Riverdale actress Vanessa Morgan spoke out against the racism that persists in Hollywood and how difficult it is for Black people to get substantial, fulfilling roles. Morgan posted a note to her social media accounts on May 31, explaining how Black people are often relegated to dangerous characters or sidekicks. The comment seemed to apply to her own show, considering that Morgan plays the bad girl gone good Toni Topaz and sidekick girlfriend to Madelaine Petsch's more prominent Cheryl Blossom.

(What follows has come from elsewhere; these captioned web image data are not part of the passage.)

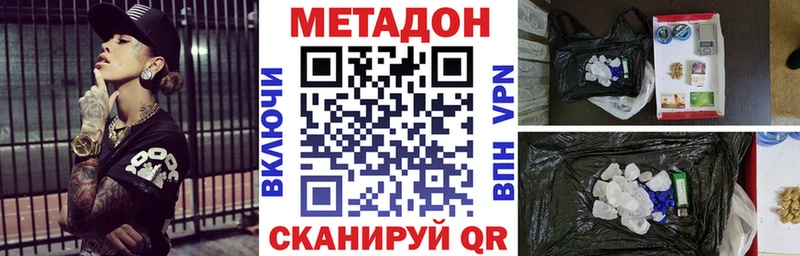 МЕТАДОН кристалл  купить наркоту  Мичуринск 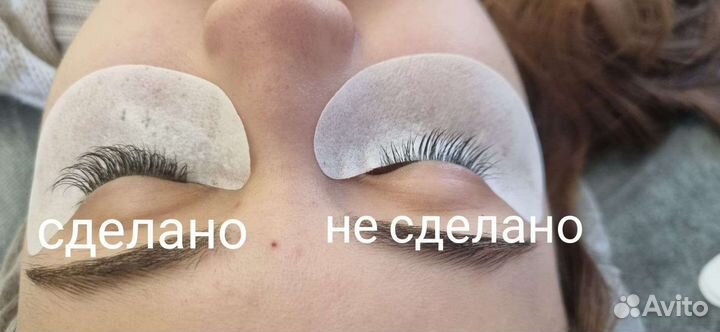 Наращивание ресниц на дому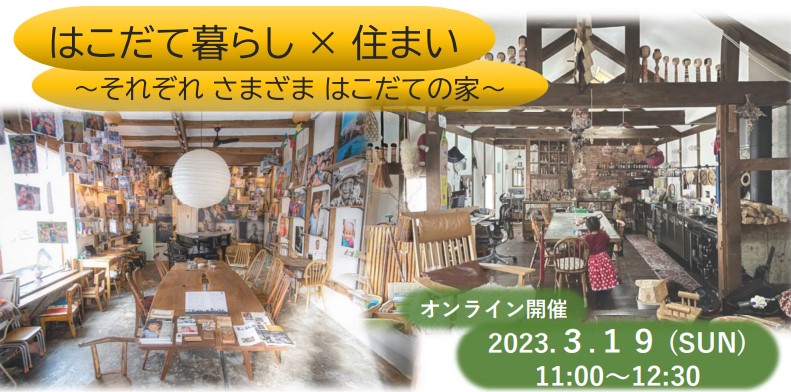 はこだて暮らし×住まい ～それぞれ さまざま はこだての家～ | 移住関連イベント情報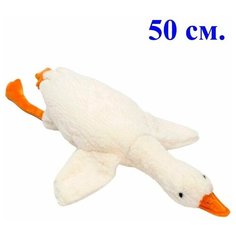 Мягкая плюшевая игрушка подушка Гусь гигант. 50 см. Мягкий большой Гусь лежачий белый. Королева Игрушек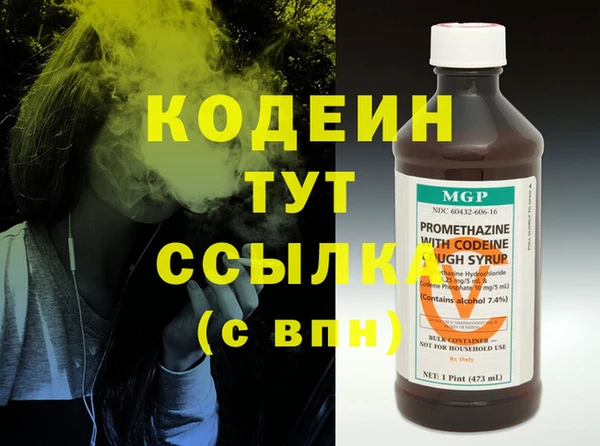 ГАЛЛЮЦИНОГЕННЫЕ ГРИБЫ Волоколамск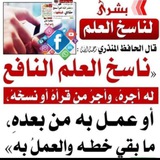 أهل السنة والجماعة 📚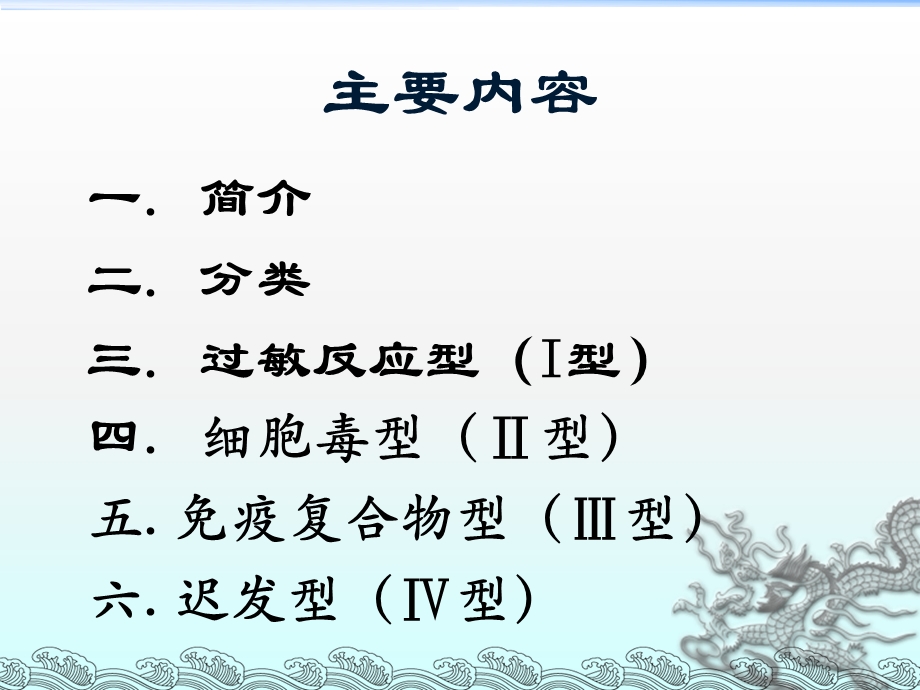 变态反应ppt课件.ppt_第2页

"Tired of how black people are portrayed in media, tired of us being portrayed as thugs, dangerous or angry scary people,” she wrote in the note. “Tired of us also being used as sidekick non dimensional characters to our white leads. Or only used in the ads for diversity but not actually in the show.”

Morgan later added that not only is she the only Black series regular, but she's also paid the least among her co-stars. "Girl, I could go on for days," she wrote in a separate message to a fan on June 2.

Morgan defended her castmates and clarified that they have no say on the behind the scenes injustices. "They don’t write the show," she explained. "So no need to attack them, they don’t call the shots & I know they have my back."

Morgan's message was heard loud and clear. On June 5, Riverdale creator Roberto Aguirre-Sacasa responded to Morgan's comments with promises of change. "We hear Vanessa. We love Vanessa. She's right," he wrote. "We're sorry and we make the same promise to you that we did to her. We will do better to honor her and the character she plays. As well as all of our actors and characters of color."

Aguirre-Sacasa continued: "CHANGE is happening and will continue to happen. Riverdale will get bigger, not smaller. Riverdale will be part of the movement, not outside it. All of the Riverdale writers made a donation to Black Lives Matter Los Angeles, but we know where the work must happen for us. In the writers' room."